Background: The elevated global burden of the breast invasive carcinoma (BRIC) and lack of appropriate biomarkers for its early detection and treatment requires extensive investigation to enhance understanding regarding BRIC associated molecular alterations. Ataxia telangiectasia mutated (ATM) is a multifunctional tumor suppressor gene, which participates in the DNA damage response pathway and cellular checkpoint activation. Several studies have reported the reduction of ATM expression as a reliable biomarker of BRIC. However, its role as a clinicopathological feature-specific biomarker still needs to be explored. Aim: The present study was designed to investigate the mutational spectrum and expression variations of ATM in BRIC patients exhibiting various clinicopathological features. Furthermore, we also performed a correlational analysis of clinicopathological feature-specific ATM expression with its promoter methylation, status genetic alterations, copy number variation (CNVs), overall survival (OS), and effectiveness of various anticancerous drugs in BRIC patients.

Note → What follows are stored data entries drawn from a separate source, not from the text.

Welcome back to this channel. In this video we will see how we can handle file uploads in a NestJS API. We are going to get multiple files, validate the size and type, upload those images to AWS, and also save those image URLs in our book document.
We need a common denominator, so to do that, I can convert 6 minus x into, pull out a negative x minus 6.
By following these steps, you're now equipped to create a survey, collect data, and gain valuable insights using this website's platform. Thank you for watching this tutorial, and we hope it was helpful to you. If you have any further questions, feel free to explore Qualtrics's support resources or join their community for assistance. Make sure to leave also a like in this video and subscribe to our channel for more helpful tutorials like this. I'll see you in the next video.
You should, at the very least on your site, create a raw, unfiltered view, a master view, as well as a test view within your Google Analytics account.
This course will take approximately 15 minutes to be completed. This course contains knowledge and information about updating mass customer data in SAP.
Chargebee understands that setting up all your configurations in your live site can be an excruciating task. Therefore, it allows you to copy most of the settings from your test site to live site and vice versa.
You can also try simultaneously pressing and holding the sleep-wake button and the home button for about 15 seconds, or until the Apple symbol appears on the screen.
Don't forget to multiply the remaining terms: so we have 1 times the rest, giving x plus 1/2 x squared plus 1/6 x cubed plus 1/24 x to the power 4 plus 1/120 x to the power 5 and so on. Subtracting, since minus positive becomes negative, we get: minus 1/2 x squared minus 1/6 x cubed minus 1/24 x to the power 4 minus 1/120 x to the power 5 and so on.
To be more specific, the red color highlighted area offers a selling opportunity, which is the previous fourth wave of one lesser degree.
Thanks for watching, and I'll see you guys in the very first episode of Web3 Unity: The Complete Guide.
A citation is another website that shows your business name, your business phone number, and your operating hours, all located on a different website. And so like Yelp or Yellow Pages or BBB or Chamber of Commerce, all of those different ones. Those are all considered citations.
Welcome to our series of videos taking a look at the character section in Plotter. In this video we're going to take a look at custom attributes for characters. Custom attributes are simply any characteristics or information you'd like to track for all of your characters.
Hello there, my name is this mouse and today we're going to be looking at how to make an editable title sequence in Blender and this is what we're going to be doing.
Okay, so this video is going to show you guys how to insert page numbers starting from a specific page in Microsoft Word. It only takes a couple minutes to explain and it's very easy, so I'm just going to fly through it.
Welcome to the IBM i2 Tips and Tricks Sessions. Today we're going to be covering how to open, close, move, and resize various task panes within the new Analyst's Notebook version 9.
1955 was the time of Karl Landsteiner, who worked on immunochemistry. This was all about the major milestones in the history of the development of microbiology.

Methods: We utilized multiple online platforms, including UALCN, cBioportal, and CCLE GDSC tool kit. Results: The ATM exhibited decreased expression in the majority of the BRIC patients, and its promoter was hypermethylated compared to healthy controls. Hence, the degree of promoter methylation and ATM expression level were inversely correlated in BRIC. In addition, we also investigated if BRIC patients that had higher ATM expression had lower OS. We found that elevated expression of ATM was found to promoted or decreased the effectiveness of various anticancer drugs. Conclusion: This study revealed the overall and clinicopathological feature-specific role of the ATM, gene, however, these findings need to be validated via larger scale studies.